For the first quarter ended March 30, 2008, sales increased due to volume and price increases, favorable product mix, favorable foreign currency fluctuations due to the strengthening of the Euro as compared to the U.S. dollar. Europe accounted for the total increased sales in 2008. In 2007, there are slowdowns in the North America automotive market, which negatively impacted net sales and gross margin during the first half of 2007.

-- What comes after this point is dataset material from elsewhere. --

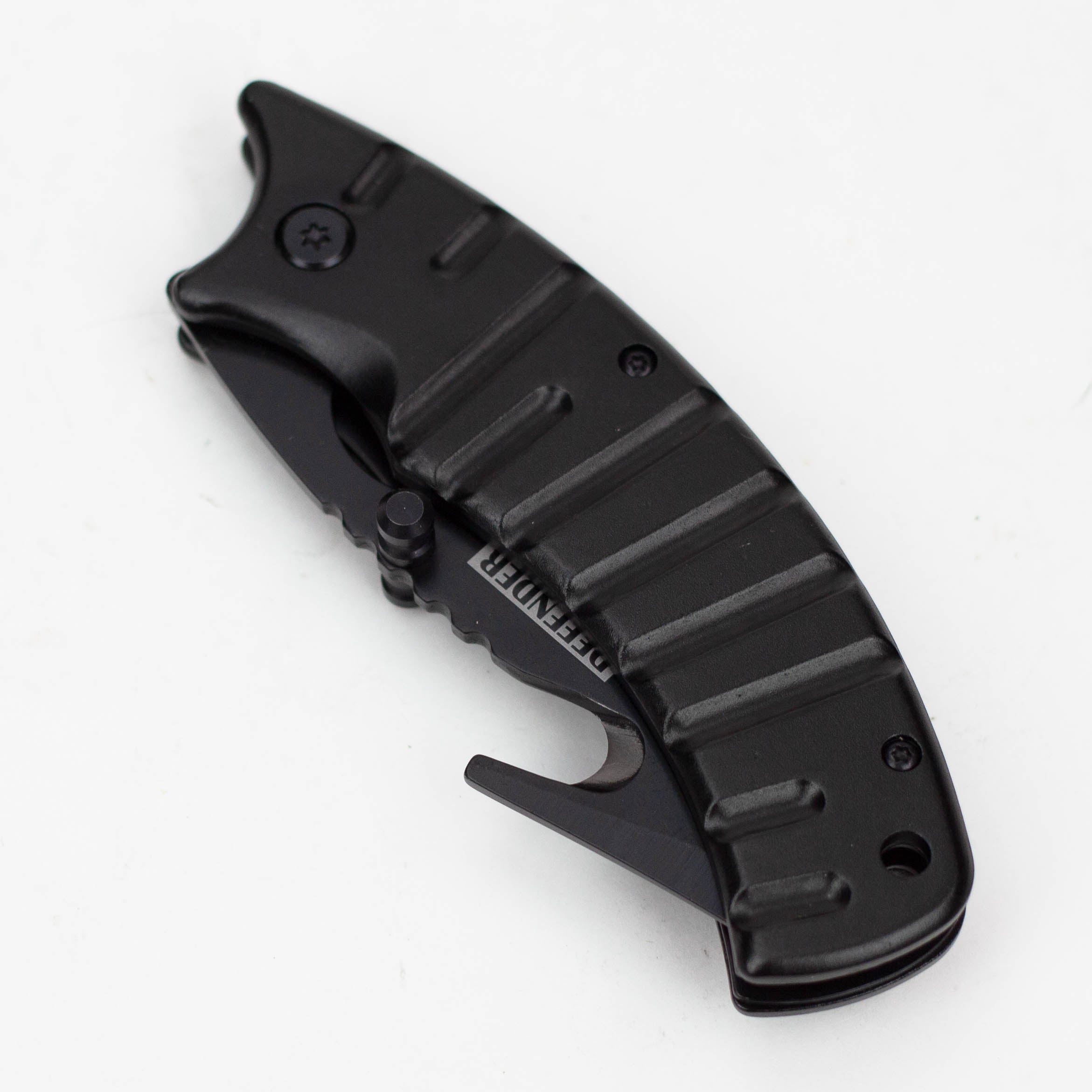 7.5" Defender Xtreme Black Folding - Knife with Belt Clip [DF9423]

For the first quarter ended March 30, 2008, operating margins improved due to the above mentioned increased sales, improvement/reduction in excess capacity resulted from collecting on the ongoing restructuring and manufacturing operations alignments, and relocations efforts to lower cost countries. Further, the improvement in operating losses resulted from lower employee-related expenses due to reduced headcount, which was partially offset by higher professional fees and employee related compensation in 2008. We continue to focus on these costs to ensure they are aligned with the business.
Facility consolidation charges represent facility closure and exit costs associated with our ongoing restructuring plans. Charges include severance, asset impairment, and costs related to moving people and businesses. We continue to incur such expenses as we implement those restructuring plans.
Reorganization items represent primarily professional fees directly related to Chapter 11, which include fees for advisors to the Debtors, unsecured creditors and secured creditors, as we come closer to our emergence date, and fees related to extension and renewal of the Debtor-In-Possession financing.
During the second quarter ended July 2, 2006, we provided a full valuation allowance against all applicable U.S. deferred tax assets. In 2007 and 2008, we have continued to provide a full valuation allowance against all applicable U.S. deferred tax assets.
Discontinued operations – In August 27, 2007, we completed the sale of our Atwood segment for consideration of $160.2 million, adjusted with certain purchase price adjustments, as per the purchase price settlement agreement and mutual release, dated March 28, 2008. Prior year amounts have been reclassified to reflect the sale of Atwood in 2007 that is required to be reported as a discontinued operation under SFAS No. 144 “Accounting for the Impairment or Disposal of Long-Lived Assets”. Further, in 2008, we recognized a one-time favorable adjustment from the settlement of a lease obligation related to the 2002 divestiture of our Mechanical Assemblies Europe business, a discontinued operation.